• [Activity] Transcribe every entry exactly; the images stay out.

[Dataset entries]
◇ ◇ ◇ ◇ ◇
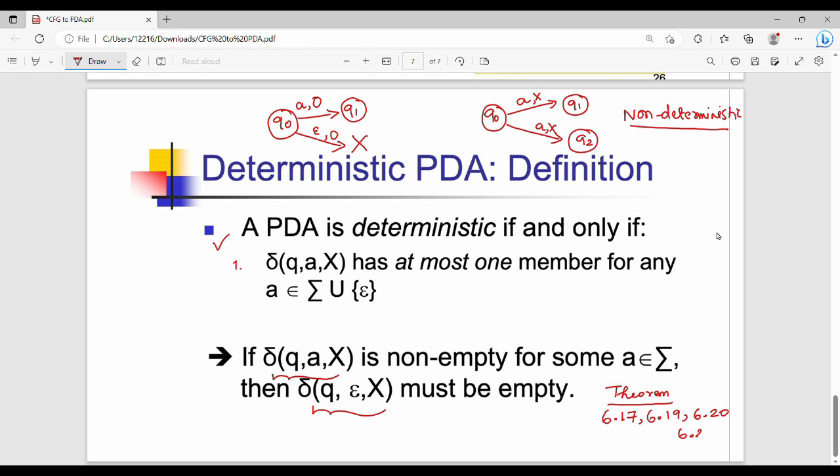There are 4 theorems related to DPDA — theorems 6.17, 6.19, 6.20, and 6.21 in the textbook. These theorems are called DPDA theorems. The first priority is to understand these theorems. This concludes the third unit, and in the next video we will start the fourth unit.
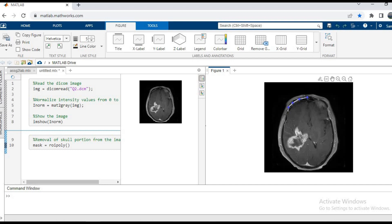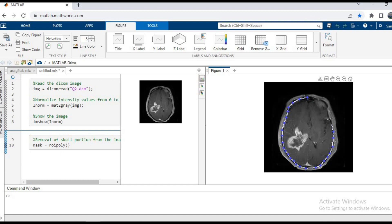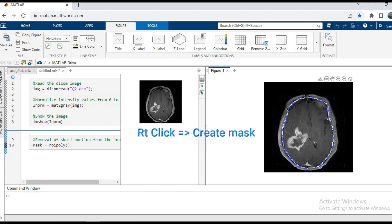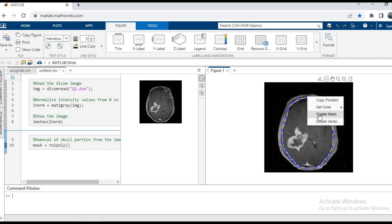We'll use multiple points so that we cover the entire brain tissue and not the skull in the image. Once all the points have been selected I have to close the polygon. When I reach the last point there is a black circle which appears. After clicking on the last point, the polygon is completed. Instead of moving the mouse, we will right-click and select create mask.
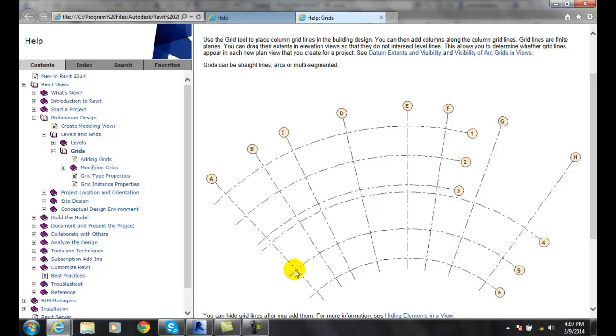These grids will be visible in our plan views, our elevation views, and our section views.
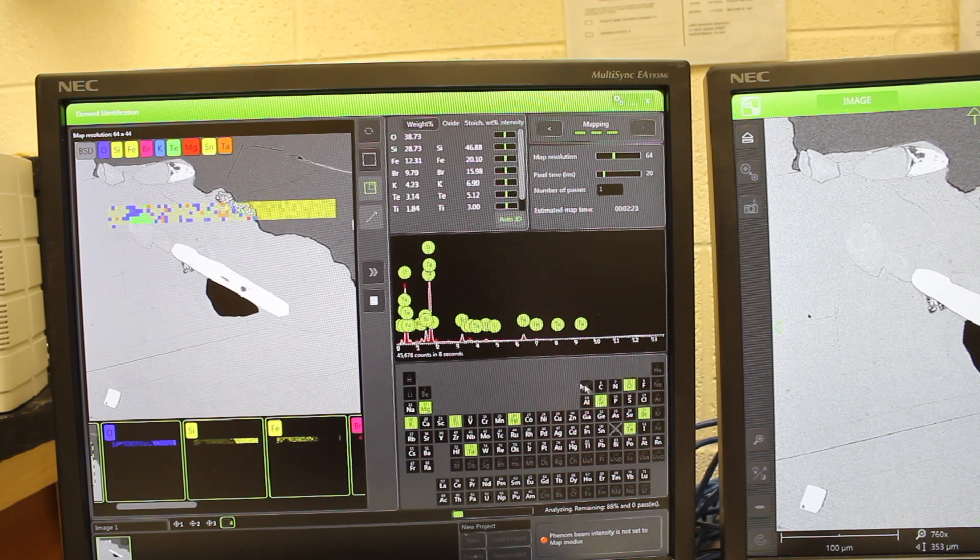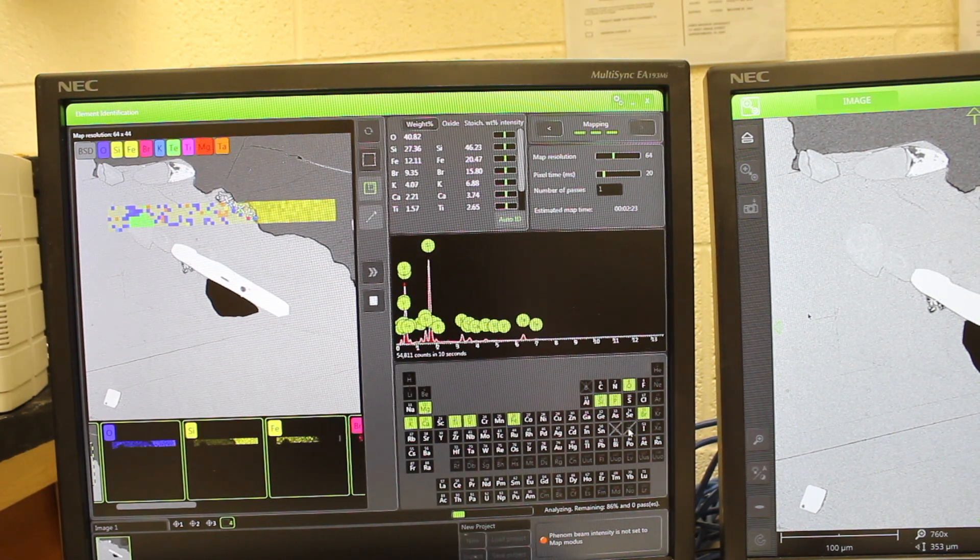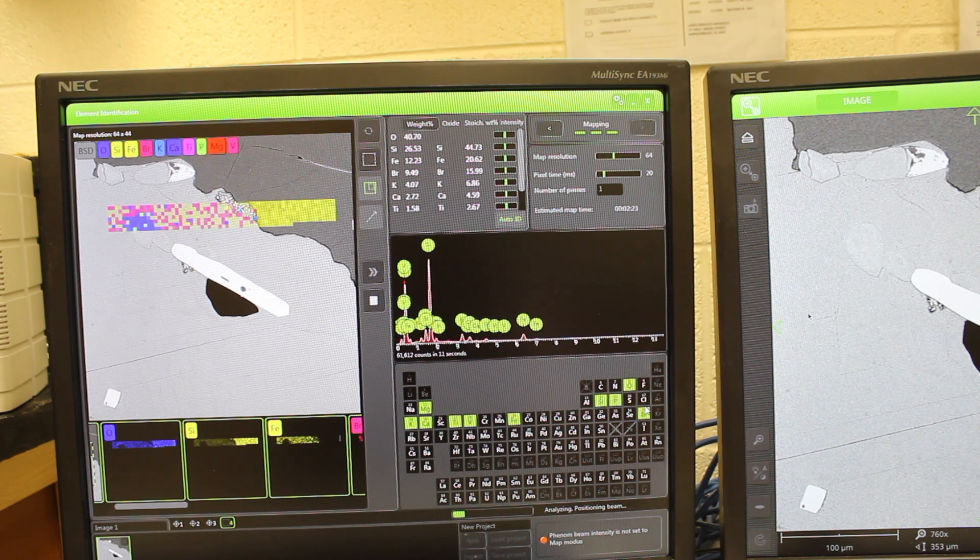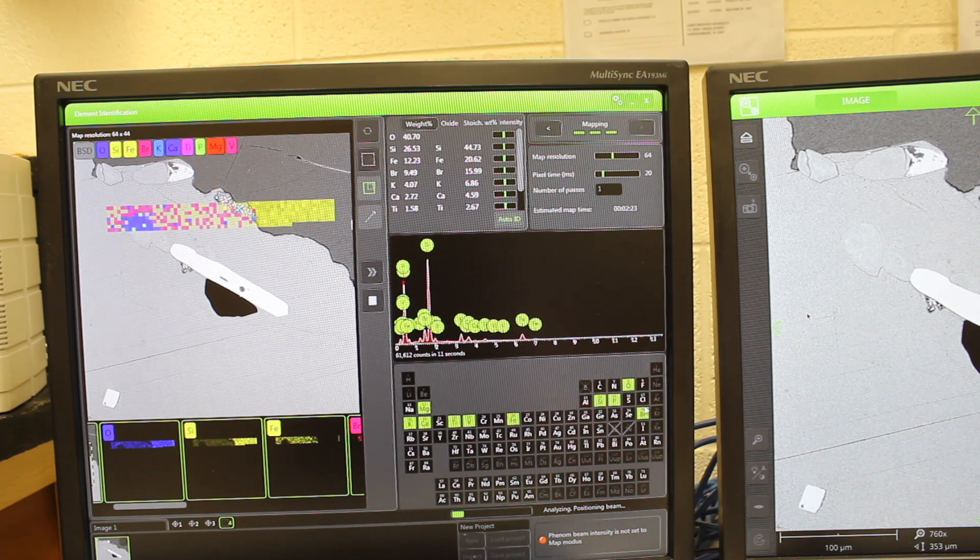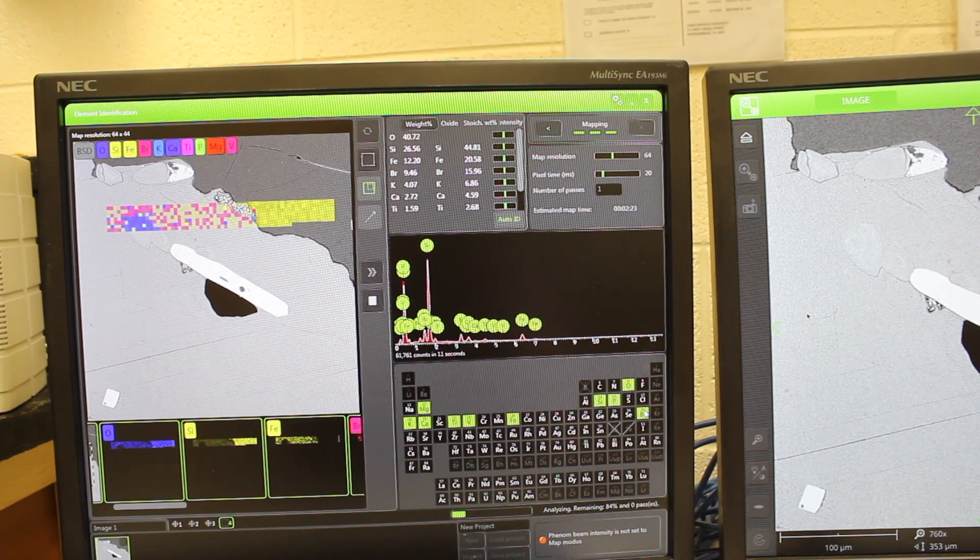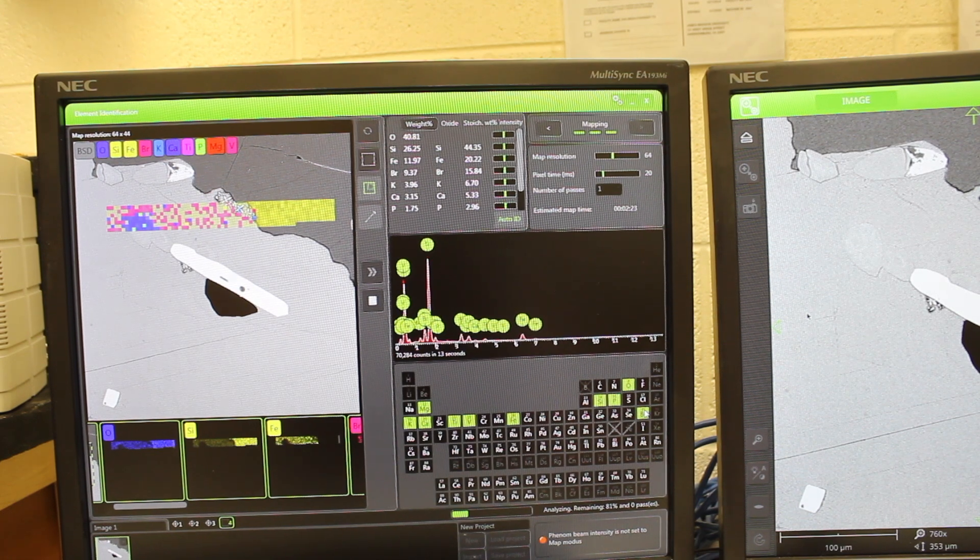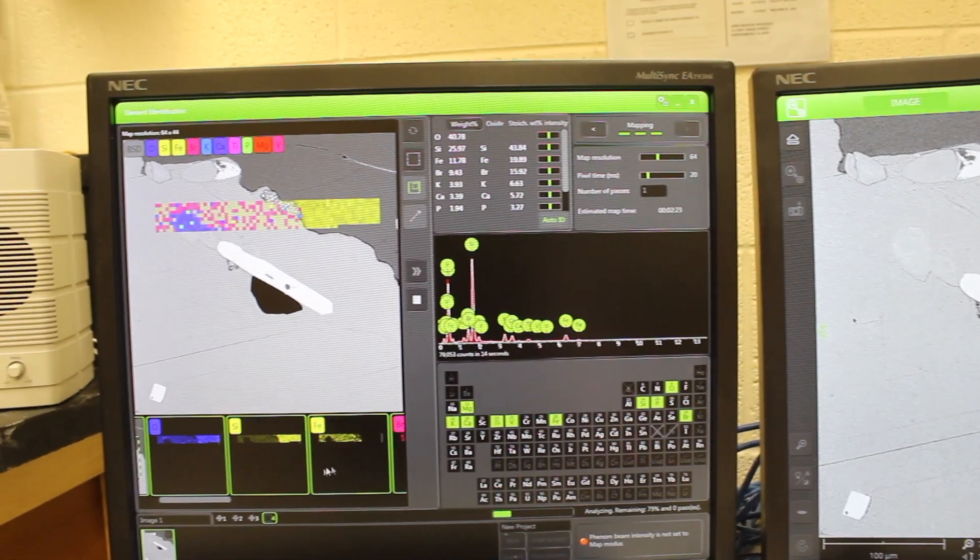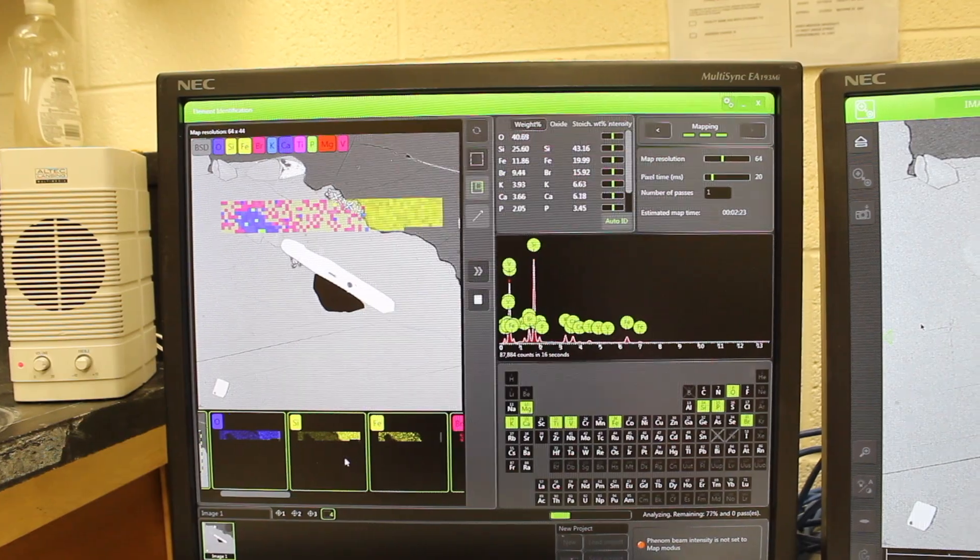Just like the point analyses, say I don't want tellurium, I'm not so sure about bromine being there, and so you can choose which elements you want to map, and the maps are shown down here at the bottom.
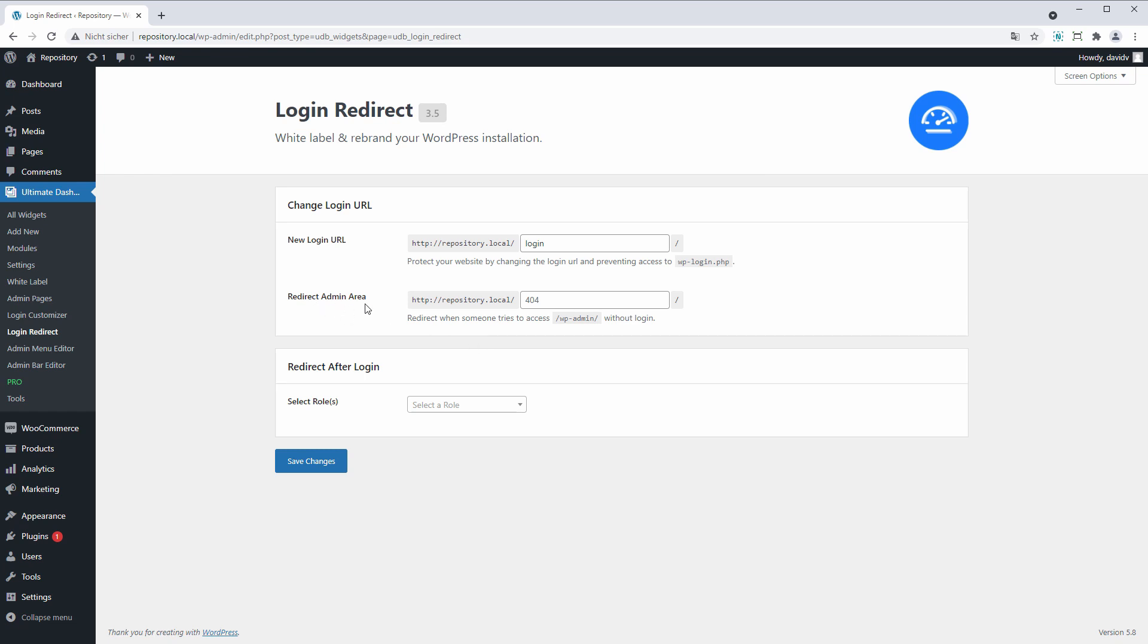And the second option we got is to redirect people, or most likely bots, that are trying to access the wp-admin URL. So we could send them to a custom 404 page.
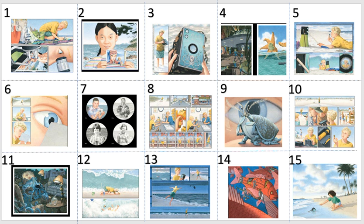Hello Year 2! Welcome to English today. I hope you enjoyed the story Flotsam yesterday. It is one of my absolute favourites.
◇ ◇ ◇ ◇ ◇
• [Answer box]
There are 4 theorems related to DPDA — theorems 6.17, 6.19, 6.20, and 6.21 in the textbook. These theorems are called DPDA theorems. The first priority is to understand these theorems. This concludes the third unit, and in the next video we will start the fourth unit.
We'll use multiple points so that we cover the entire brain tissue and not the skull in the image. Once all the points have been selected I have to close the polygon. When I reach the last point there is a black circle which appears. After clicking on the last point, the polygon is completed. Instead of moving the mouse, we will right-click and select create mask.
These grids will be visible in our plan views, our elevation views, and our section views.
Just like the point analyses, say I don't want tellurium, I'm not so sure about bromine being there, and so you can choose which elements you want to map, and the maps are shown down here at the bottom.
And the second option we got is to redirect people, or most likely bots, that are trying to access the wp-admin URL. So we could send them to a custom 404 page.
Hello Year 2! Welcome to English today. I hope you enjoyed the story Flotsam yesterday. It is one of my absolute favourites.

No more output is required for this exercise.